─── Data for processing
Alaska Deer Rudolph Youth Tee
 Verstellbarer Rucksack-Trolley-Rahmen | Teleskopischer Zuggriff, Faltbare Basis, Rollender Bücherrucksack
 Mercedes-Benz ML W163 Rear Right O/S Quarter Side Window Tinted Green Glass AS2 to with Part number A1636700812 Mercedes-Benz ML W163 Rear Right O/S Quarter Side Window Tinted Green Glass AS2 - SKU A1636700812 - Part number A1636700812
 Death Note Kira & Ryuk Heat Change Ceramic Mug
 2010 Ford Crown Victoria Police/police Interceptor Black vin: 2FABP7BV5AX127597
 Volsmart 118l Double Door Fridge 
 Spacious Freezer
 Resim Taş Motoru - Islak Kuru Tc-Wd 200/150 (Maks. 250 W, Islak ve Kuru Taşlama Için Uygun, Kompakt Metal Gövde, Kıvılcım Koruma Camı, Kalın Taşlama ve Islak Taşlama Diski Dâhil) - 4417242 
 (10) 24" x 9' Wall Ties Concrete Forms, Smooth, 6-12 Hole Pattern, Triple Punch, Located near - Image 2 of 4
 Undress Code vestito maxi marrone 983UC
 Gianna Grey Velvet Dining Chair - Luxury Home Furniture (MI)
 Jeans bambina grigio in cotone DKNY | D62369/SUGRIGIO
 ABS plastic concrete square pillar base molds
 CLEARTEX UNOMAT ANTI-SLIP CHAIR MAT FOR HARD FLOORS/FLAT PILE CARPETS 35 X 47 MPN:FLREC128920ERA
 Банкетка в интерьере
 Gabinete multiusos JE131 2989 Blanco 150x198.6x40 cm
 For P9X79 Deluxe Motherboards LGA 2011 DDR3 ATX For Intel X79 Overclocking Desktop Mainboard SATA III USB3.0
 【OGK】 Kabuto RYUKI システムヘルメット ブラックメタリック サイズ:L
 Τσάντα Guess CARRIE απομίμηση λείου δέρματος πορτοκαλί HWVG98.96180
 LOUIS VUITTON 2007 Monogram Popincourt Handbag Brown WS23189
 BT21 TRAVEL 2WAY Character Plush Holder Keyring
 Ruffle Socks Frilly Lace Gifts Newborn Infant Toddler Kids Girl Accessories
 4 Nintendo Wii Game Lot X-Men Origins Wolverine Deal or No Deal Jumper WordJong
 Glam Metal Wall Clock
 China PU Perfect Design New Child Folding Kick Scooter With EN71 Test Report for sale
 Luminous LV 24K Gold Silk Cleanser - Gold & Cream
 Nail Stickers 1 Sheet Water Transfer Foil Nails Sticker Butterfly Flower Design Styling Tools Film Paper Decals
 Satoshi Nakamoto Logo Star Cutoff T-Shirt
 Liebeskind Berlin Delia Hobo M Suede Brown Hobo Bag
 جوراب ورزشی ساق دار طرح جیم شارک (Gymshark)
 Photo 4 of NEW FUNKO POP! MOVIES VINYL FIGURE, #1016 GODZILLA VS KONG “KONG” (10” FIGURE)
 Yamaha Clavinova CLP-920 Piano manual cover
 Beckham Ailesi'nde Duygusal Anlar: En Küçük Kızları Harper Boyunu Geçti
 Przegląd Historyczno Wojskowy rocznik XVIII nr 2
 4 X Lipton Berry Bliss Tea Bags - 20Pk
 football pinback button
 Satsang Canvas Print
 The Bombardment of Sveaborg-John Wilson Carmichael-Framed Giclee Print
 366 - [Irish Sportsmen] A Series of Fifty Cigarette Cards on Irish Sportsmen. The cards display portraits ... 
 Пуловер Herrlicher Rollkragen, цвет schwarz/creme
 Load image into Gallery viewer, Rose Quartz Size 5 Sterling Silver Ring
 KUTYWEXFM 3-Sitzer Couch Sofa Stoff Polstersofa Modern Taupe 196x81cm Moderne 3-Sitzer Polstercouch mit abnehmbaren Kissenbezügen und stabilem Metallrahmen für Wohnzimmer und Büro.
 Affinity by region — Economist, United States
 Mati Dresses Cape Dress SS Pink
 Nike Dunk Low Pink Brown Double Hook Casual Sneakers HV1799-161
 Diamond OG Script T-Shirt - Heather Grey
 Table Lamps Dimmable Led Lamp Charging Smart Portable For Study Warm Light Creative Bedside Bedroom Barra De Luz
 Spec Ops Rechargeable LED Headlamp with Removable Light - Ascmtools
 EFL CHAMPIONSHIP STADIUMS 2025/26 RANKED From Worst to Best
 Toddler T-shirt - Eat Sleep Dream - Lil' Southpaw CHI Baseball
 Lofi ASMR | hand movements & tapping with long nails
──────
# Exercise requirements:
Write out the material exactly as given.

# Task result:
Alaska Deer Rudolph Youth Tee
 Verstellbarer Rucksack-Trolley-Rahmen | Teleskopischer Zuggriff, Faltbare Basis, Rollender Bücherrucksack
 Mercedes-Benz ML W163 Rear Right O/S Quarter Side Window Tinted Green Glass AS2 to with Part number A1636700812 Mercedes-Benz ML W163 Rear Right O/S Quarter Side Window Tinted Green Glass AS2 - SKU A1636700812 - Part number A1636700812
 Death Note Kira & Ryuk Heat Change Ceramic Mug
 2010 Ford Crown Victoria Police/police Interceptor Black vin: 2FABP7BV5AX127597
 Volsmart 118l Double Door Fridge 
 Spacious Freezer
 Resim Taş Motoru - Islak Kuru Tc-Wd 200/150 (Maks. 250 W, Islak ve Kuru Taşlama Için Uygun, Kompakt Metal Gövde, Kıvılcım Koruma Camı, Kalın Taşlama ve Islak Taşlama Diski Dâhil) - 4417242 
 (10) 24" x 9' Wall Ties Concrete Forms, Smooth, 6-12 Hole Pattern, Triple Punch, Located near - Image 2 of 4
 Undress Code vestito maxi marrone 983UC
 Gianna Grey Velvet Dining Chair - Luxury Home Furniture (MI)
 Jeans bambina grigio in cotone DKNY | D62369/SUGRIGIO
 ABS plastic concrete square pillar base molds
 CLEARTEX UNOMAT ANTI-SLIP CHAIR MAT FOR HARD FLOORS/FLAT PILE CARPETS 35 X 47 MPN:FLREC128920ERA
 Банкетка в интерьере
 Gabinete multiusos JE131 2989 Blanco 150x198.6x40 cm
 For P9X79 Deluxe Motherboards LGA 2011 DDR3 ATX For Intel X79 Overclocking Desktop Mainboard SATA III USB3.0
 【OGK】 Kabuto RYUKI システムヘルメット ブラックメタリック サイズ:L
 Τσάντα Guess CARRIE απομίμηση λείου δέρματος πορτοκαλί HWVG98.96180
 LOUIS VUITTON 2007 Monogram Popincourt Handbag Brown WS23189
 BT21 TRAVEL 2WAY Character Plush Holder Keyring
 Ruffle Socks Frilly Lace Gifts Newborn Infant Toddler Kids Girl Accessories
 4 Nintendo Wii Game Lot X-Men Origins Wolverine Deal or No Deal Jumper WordJong
 Glam Metal Wall Clock
 China PU Perfect Design New Child Folding Kick Scooter With EN71 Test Report for sale
 Luminous LV 24K Gold Silk Cleanser - Gold & Cream
 Nail Stickers 1 Sheet Water Transfer Foil Nails Sticker Butterfly Flower Design Styling Tools Film Paper Decals
 Satoshi Nakamoto Logo Star Cutoff T-Shirt
 Liebeskind Berlin Delia Hobo M Suede Brown Hobo Bag
 جوراب ورزشی ساق دار طرح جیم شارک (Gymshark)
 Photo 4 of NEW FUNKO POP! MOVIES VINYL FIGURE, #1016 GODZILLA VS KONG “KONG” (10” FIGURE)
 Yamaha Clavinova CLP-920 Piano manual cover
 Beckham Ailesi'nde Duygusal Anlar: En Küçük Kızları Harper Boyunu Geçti
 Przegląd Historyczno Wojskowy rocznik XVIII nr 2
 4 X Lipton Berry Bliss Tea Bags - 20Pk
 football pinback button
 Satsang Canvas Print
 The Bombardment of Sveaborg-John Wilson Carmichael-Framed Giclee Print
 366 - [Irish Sportsmen] A Series of Fifty Cigarette Cards on Irish Sportsmen. The cards display portraits ... 
 Пуловер Herrlicher Rollkragen, цвет schwarz/creme
 Load image into Gallery viewer, Rose Quartz Size 5 Sterling Silver Ring
 KUTYWEXFM 3-Sitzer Couch Sofa Stoff Polstersofa Modern Taupe 196x81cm Moderne 3-Sitzer Polstercouch mit abnehmbaren Kissenbezügen und stabilem Metallrahmen für Wohnzimmer und Büro.
 Affinity by region — Economist, United States
 Mati Dresses Cape Dress SS Pink
 Nike Dunk Low Pink Brown Double Hook Casual Sneakers HV1799-161
 Diamond OG Script T-Shirt - Heather Grey
 Table Lamps Dimmable Led Lamp Charging Smart Portable For Study Warm Light Creative Bedside Bedroom Barra De Luz
 Spec Ops Rechargeable LED Headlamp with Removable Light - Ascmtools
 EFL CHAMPIONSHIP STADIUMS 2025/26 RANKED From Worst to Best
 Toddler T-shirt - Eat Sleep Dream - Lil' Southpaw CHI Baseball
 Lofi ASMR | hand movements & tapping with long nails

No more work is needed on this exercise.